» Work order
Output only the lines of the entries that follow, starting at the one with "Eine herzhafte warme" and running down to the one with "BLACK Nike Pro Leggings", both included and unchanged.
== Dataset records ==
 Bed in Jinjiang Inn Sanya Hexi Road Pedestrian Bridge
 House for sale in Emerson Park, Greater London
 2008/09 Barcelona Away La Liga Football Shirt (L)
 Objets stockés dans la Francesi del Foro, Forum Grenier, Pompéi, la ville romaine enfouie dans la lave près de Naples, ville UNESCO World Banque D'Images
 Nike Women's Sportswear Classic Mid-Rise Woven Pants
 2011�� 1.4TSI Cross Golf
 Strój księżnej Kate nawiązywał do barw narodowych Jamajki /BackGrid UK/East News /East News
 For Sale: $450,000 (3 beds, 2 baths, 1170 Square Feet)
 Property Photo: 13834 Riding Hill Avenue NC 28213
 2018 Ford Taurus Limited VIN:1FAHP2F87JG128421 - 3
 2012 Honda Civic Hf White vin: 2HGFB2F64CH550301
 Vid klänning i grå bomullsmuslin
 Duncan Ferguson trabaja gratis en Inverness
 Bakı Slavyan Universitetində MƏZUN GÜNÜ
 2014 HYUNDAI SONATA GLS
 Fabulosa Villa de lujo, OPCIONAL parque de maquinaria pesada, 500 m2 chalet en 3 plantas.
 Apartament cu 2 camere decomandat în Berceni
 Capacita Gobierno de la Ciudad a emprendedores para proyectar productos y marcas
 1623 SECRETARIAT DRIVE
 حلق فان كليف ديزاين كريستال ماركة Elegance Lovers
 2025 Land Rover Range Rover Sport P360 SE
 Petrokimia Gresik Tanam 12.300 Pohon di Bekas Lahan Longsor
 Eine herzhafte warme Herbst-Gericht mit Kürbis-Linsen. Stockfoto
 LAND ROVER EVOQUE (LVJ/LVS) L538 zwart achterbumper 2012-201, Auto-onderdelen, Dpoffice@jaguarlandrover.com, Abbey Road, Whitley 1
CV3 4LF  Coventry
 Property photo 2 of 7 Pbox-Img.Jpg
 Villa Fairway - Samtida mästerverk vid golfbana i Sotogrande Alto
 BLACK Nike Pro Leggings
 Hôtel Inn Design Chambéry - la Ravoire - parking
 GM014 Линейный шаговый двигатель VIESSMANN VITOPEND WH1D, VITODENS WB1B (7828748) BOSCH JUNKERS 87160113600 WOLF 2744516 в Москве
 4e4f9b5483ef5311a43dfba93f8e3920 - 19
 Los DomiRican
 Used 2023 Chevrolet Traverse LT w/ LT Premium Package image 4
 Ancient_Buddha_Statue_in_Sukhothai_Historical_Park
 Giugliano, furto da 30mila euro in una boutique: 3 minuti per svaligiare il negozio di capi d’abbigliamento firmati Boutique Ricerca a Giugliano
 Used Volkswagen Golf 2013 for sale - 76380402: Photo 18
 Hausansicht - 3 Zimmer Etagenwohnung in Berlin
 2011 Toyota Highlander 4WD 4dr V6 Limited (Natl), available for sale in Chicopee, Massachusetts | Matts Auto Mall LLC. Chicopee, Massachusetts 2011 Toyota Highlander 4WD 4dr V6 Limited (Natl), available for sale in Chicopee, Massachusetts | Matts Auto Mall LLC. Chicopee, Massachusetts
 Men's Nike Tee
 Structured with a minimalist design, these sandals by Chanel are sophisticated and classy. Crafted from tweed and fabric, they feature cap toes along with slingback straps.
===
» Task answer
 Eine herzhafte warme Herbst-Gericht mit Kürbis-Linsen. Stockfoto
 LAND ROVER EVOQUE (LVJ/LVS) L538 zwart achterbumper 2012-201, Auto-onderdelen, Dpoffice@jaguarlandrover.com, Abbey Road, Whitley 1
CV3 4LF  Coventry
 Property photo 2 of 7 Pbox-Img.Jpg
 Villa Fairway - Samtida mästerverk vid golfbana i Sotogrande Alto
 BLACK Nike Pro Leggings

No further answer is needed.